Six women and a man were also among those killed in the blast in Kunduz, on the country's northern border with Tajikistan, Rahimi said.
No group has claimed responsibility for the blast. It was also unclear if it was a targeted attack. However, there are regular clashes in the region between the Taliban insurgents and US-backed Afghan forces.
Insurgents attacked the provincial capital, also called Kunduz, in early September, but failed to capture it. The Taliban briefly seized the city in 2015.
The blast comes during what has been a period of relative and uneasy calm, where the rate of large-scale attacks has dropped in recent weeks. The comparative lull followed a blood-stained presidential campaign season that ended with a general election on September 28.

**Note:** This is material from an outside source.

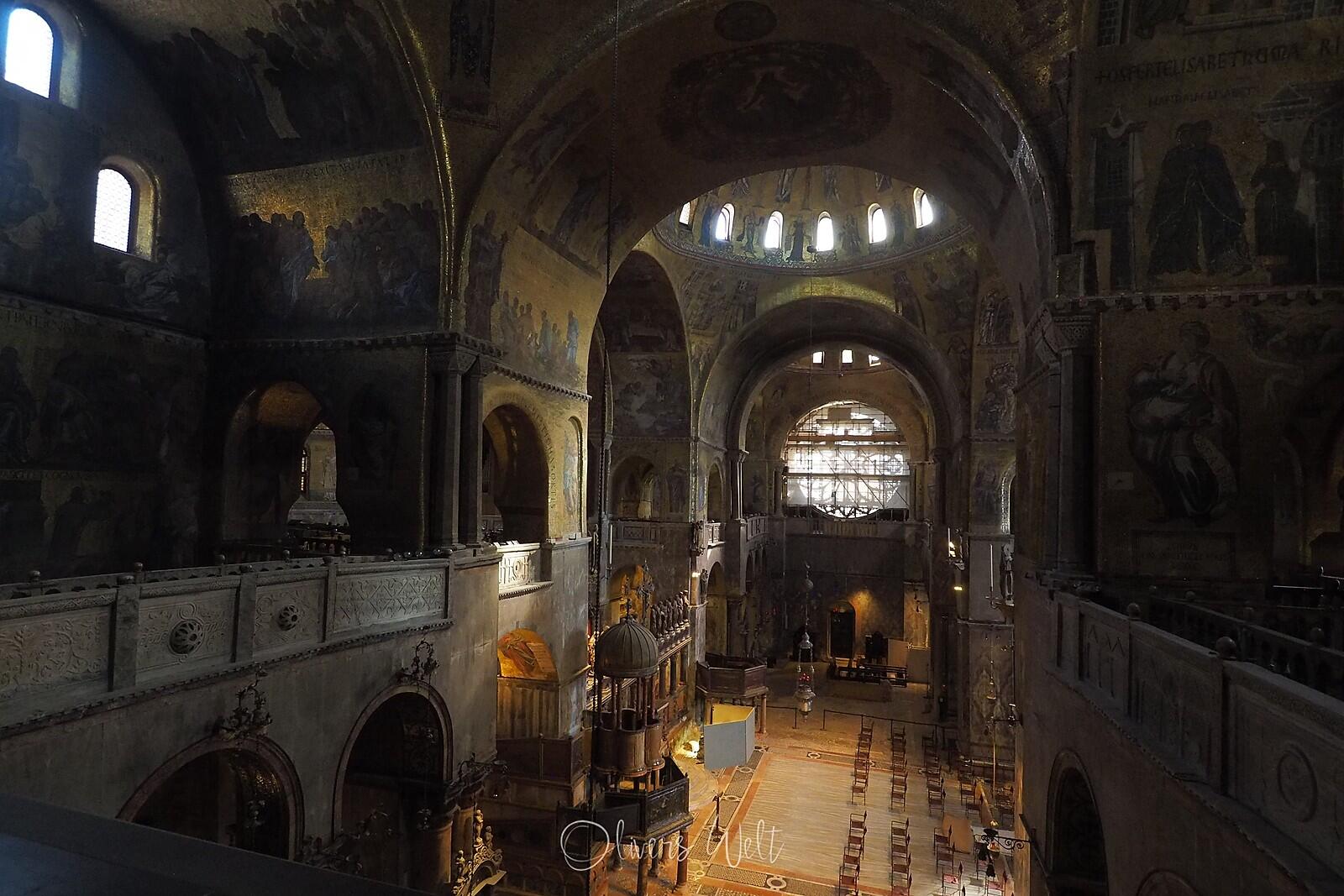 Bild ohne Beschreibung Bild ohne Beschreibung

But Wednesday's blast comes less than a week after a foreign national was killed and at least five other people wounded in a grenade attack on a United Nations vehicle in Kabul on November 24.
The attack happened on a road frequently used by UN traffic shuttling workers between central Kabul and a large UN compound on the outskirts of the capital.
The UN said two other staff members -- one Afghan and one international -- were wounded. Aid agencies and non-governmental groups are sometimes targeted in Afghanistan's war.
In 2011, seven foreign UN workers -- including four Nepalis, a Swede, a Norwegian and a Romanian -- were killed in an attack on a UN compound in the northern city of Mazar-i-Sharif.
Afghans are still waiting for the results of that September 28 presidential election, with a recount bogged down by technical difficulties and bickering between the incumbent, President Ashraf Ghani, and his chief rival, Abdullah Abdullah.
Afghans are also waiting to see what might happen in negotiations between Washington and the Taliban. US President Donald Trump in September ended those yearlong talks as Taliban violence continued, but on November 22 he suggested to US broadcaster Fox News that negotiations could be getting underway again.